What works about the film is the simplicity of the story and the way it is narrated. What makes it special are the refreshing characters and their interpersonal relationships. The owner of the building Maureen Dsouza/ Nyla Maasood is an artist who lives alone. Then there is the 18-year-old Princess/ Aneesha Shah struggling in films at the behest of her ambitious mother.
Then there is Raju Tawade/ Moin Khan’s own life comprising his parents and his close buddy Shawn/ Damain Dsouza.
Considering it is the story of a liftman a number of scenes are shot inside the cubicle (with a lollipop poster) which is a big challenge for the director because how different can a lift look eventually. He uses the lift as both a character and a metaphor in the film. Just as we press buttons of a lift and find our destination, our choices determine our ascent and descend in life.
Director Jonathan makes the right choice in sets/ costume/cinematography/dialogues except for a few exaggerations which can be overlooked. Mrs. Dsouza has to be a superwoman to learn to engineer overnight and impart knowledge to her student. She is an artist but we never see her work in progress, never see any sign or spot of color on her clothes or on her fingers.
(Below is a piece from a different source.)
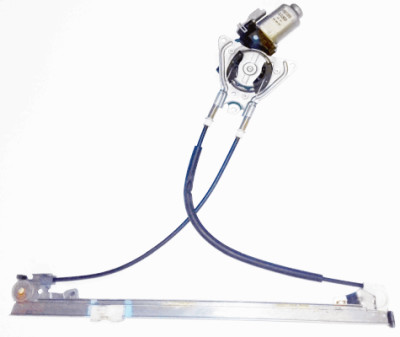 Regulador de janela LEMFORDER 60.40036.0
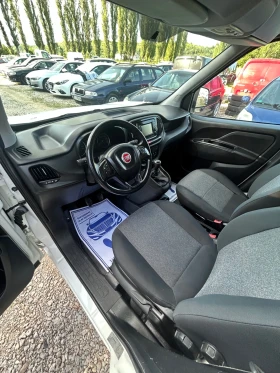 Fiat Doblo 1.6 Maxii Euro 6 , снимка 8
She is the owner of the building but she has no car and travels by auto rickshaws. She has no friends, no family and no distant relative which is unusual. She is concerned about the liftman but never visits him in the hospital.
All the performances are praiseworthy. Saagar Kamle as Krishna is effective. Moin Khan makes a refreshing debut as Raju Tawade and Nyla Masood so far working behind the scenes as costume designer faces the camera for the first time and steals our hearts.
The Lift Boy is about the dignity of labor, about dreams, about humanity. It has the pride of literacy, the glow of hard work and the fragrance of compassion. It is very rare that you come out of a film smiling.
For lighting up our week with this sensitive offering I rate debut director Jonathan Augustin’s The Lift Boy with 3 stars.